Page 1 of 1

Having trouble with replace of repetitive lines

Posted: Wed Jan 28, 2009 3:10 pm
by dlherrin
I am trying to process tab-delimited files output from Excel to prepare them for input into another program. The files have a prelude section, a repeated data section, and a postlude section. I want to get rid of the prelude/postlude entirely and transform each line of the repeated section.

My input file looks like this:
-------------------------------
Princeton University
Function Revenue by Category
Sorted by Function Date
Filtered by Site = TEST
"Tuesday, November 4, 2008"


Event # Event Name Account # Customer Name Function Date Function Type Category Charges

TEST200 Astronomy 9991111 Jane Doe 11/4/2008 Dinner Buffet Food "1,767.00"
TEST200 Astronomy 9991111 Jane Doe 11/4/2008 Dinner Buffet S & S 420.00
TEST200 Astronomy 9991111 Jane Doe 11/4/2008 Dinner Buffet Svc Chg 265.05

Total: "2,452.05"



"Printed: November 4, 2008 - 11:50 AM" Page 1
-------------------------------

I have tried the following seach and replace strings, but I can't seem to get this to work.

Search
Princeton University.*Charges$.*?\t{7}\r\n(?:(.*?)\t(.*?)\t(.*?)\t(.*?)\t(.*?)\t(.*?)\t(.*?)\t"?(.*?)"?$)*?\t{7}\r\n.*

Replace
"D"\t$1\t$2\t$3\t$4\t$5\t$6\t$7\t$8

Options:
* Regular expression
* Replacement format

(Above and below the repeating data lines are lines consisting solely of 7 tabs.) I would appreciate any suggestions you have to offer.

Thanks!
Dave

Posted: Thu Jan 29, 2009 3:53 pm
by ben_josephs
The way you use $ indicates that you are not using the option '.' does not match a newline character (so that '.' does match a newline), while your use of \r\n indicates that you are using that option (so that '.' does not match a newline). You must be consistent.
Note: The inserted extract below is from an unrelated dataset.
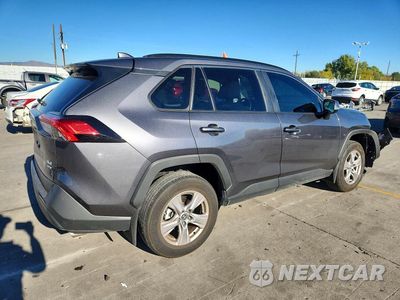 Trzecie zdjęcie samochodu z tyłu: 2025 TOYOTA RAV4 XLE VIN:2T3P1RFV4SC521726 - miniatura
If you do not use that option, this will match the entire text:
Princeton University.*Charges$.*?\t{7}\r\n(((.*?)\t){7}"?(.*?)"?$)*?\r\n\t{7}\r\n.*
(Note the extra \r\n near the end.)

To match the lines you want to keep, you can use
Princeton University.*Charges$.*?\t{7}\r\n((((.*?)\t){7}"?(.*?)"?$)*?)\r\n\t{7}\r\n.*
and use $1 in the replacement.

I don't believe you can trim the top and bottom and get rid of the quote symbols at the same time.